Originally Posted by *mammabear61101* 
Here is what my husband said when I asked him this: "The seatbelt runs under the armrests already. The booster seat does not "stop the seatbelt". The seatbelt stops the child and the child stops the booster. Think about it. The child's body has to absorb the force of his own body PLUS the force of the booster seat. The only exception is when the booster seat has it's own restraints tying it down to the seat/vehicle."

Interesting. So does your husband think booseters are that safe in general?


----------



## an_aurora

Quote:


Originally Posted by *mammabear61101* 
Here is what my husband said when I asked him this: "The seatbelt runs under the armrests already. The booster seat does not "stop the seatbelt". The seatbelt stops the child and the child stops the booster. Think about it. The child's body has to absorb the force of his own body PLUS the force of the booster seat. The only exception is when the booster seat has it's own restraints tying it down to the seat/vehicle."

The armrests holds the belt in place. Without it there is nothing stopping the belt from riding up on the child's abdomen.


----------



## Adventuredad

Listen to Aurora above. Without armrests a booster is dangerous and there is high risk of submarining in an accident. That would mean a child sliding down under the seat belt due to not yet developed _iliac crest_ and all the force would be absorbed by the stomach most likely leading to terrible internal injuries.


----------



## soygurl

Quote:


Originally Posted by *an_aurora* 
The armrests holds the belt in place. Without it there is nothing stopping the belt from riding up on the child's abdomen.

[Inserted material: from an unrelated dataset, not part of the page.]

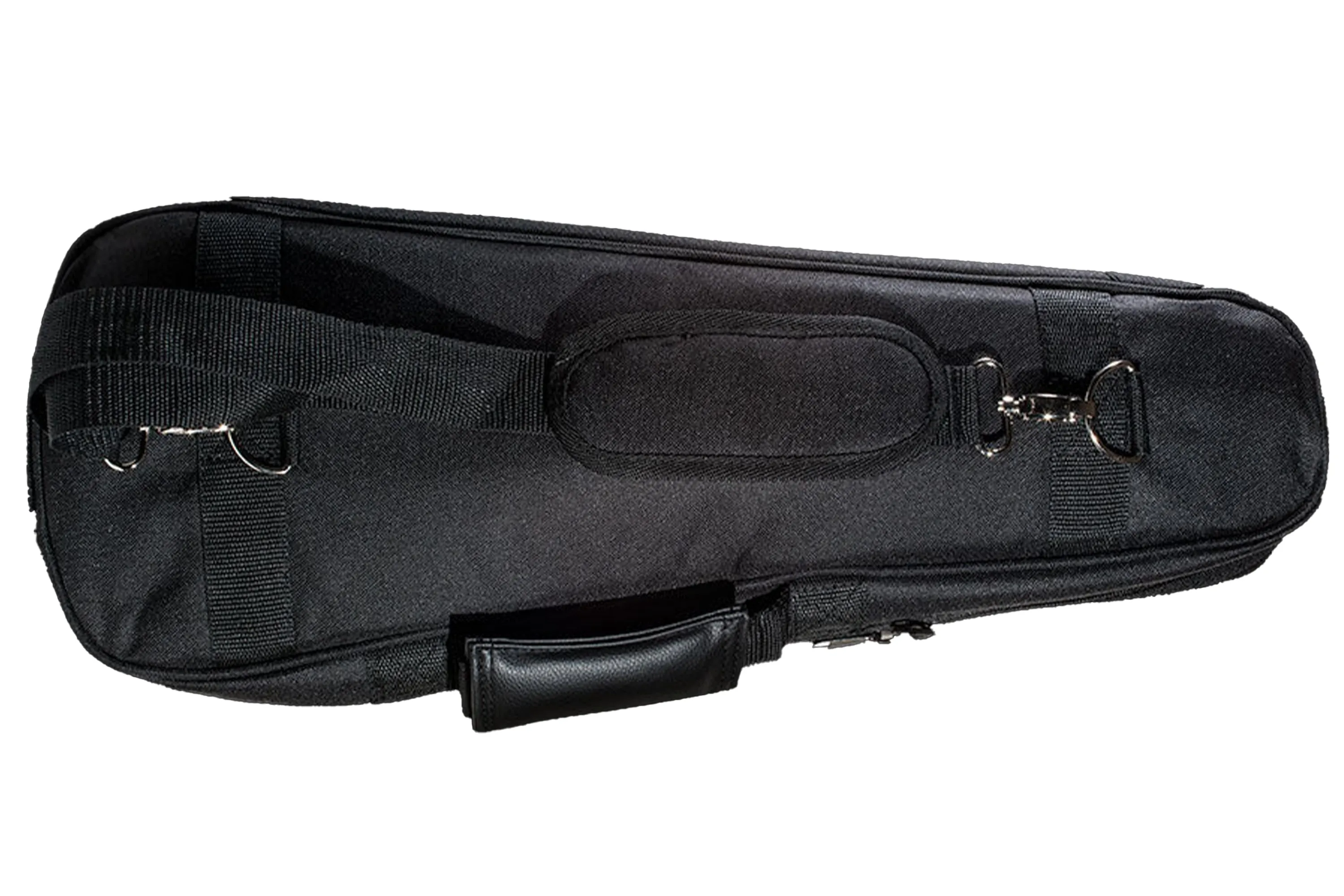 Ohana DB-27OR Deluxe Tenor Ukulele Gigbag - Orange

Erm... I suppose the armrests do that to a certain extent, but it seems to me, that the MAIN thing keeping the belt from riding up on the child's abdomen is the simple fact that the booster BOOSTS the child higher up and into a position where the belt naturally lies in the correct position on the child's hips. If this isn't the case, then the child doesn't fit correctly in the booster and either needs to be in a different booster, or in a 5 pt. harness.
If the only think keeping the lap belt from riding up was the armrests, than there wouldn't be any boosters without armrests. As it is, there are. In my understanding, armrests are mainly there for the comfort of the child, and not as a key safety feature.
However, I would NEVER suggest that someone remove the armrests from a booster (or any seat!) without _specific (written) instructions from the manufacturer that doing so would not impact the safety of the seat_.

ETA: Aurora, I know as a CPST you have been trained on this matter, so I'd really appreciate it if you could explain what I may be missing, or misunderstanding about his issue.


----------



## vbactivist

Quote:


Originally Posted by *soygurl* 







Erm... I suppose the armrests do that to a certain extent, but it seems to me, that the MAIN thing keeping the belt from riding up on the child's abdomen is the simple fact that the booster BOOSTS the child higher up and into a position where the belt naturally lies in the correct position on the child's hips. If this isn't the case, then the child doesn't fit correctly in the booster and either needs to be in a different booster, or in a 5 pt. harness.
If the only think keeping the lap belt from riding up was the armrests, than there wouldn't be any boosters without armrests. As it is, there are. In my understanding, armrests are mainly there for the comfort of the child, and not as a key safety feature.
However, I would NEVER suggest that someone remove the armrests from a booster (or any seat!) without _specific (written) instructions from the manufacturer that doing so would not impact the safety of the seat_.

ETA: Aurora, I know as a CPST you have been trained on this matter, so I'd really appreciate it if you could explain what I may be missing, or misunderstanding about his issue.










I haev a 5 point booster that converts to a seatbelt booster and it doesn't have arm r ests.

nak


----------



## homebirthbaby

Quote:


Originally Posted by *vbactivist* 
I haev a 5 point booster that converts to a seatbelt booster and it doesn't have arm r ests.

nak

Other boosters are designed differently with ways to keep the belt low on the child's hips.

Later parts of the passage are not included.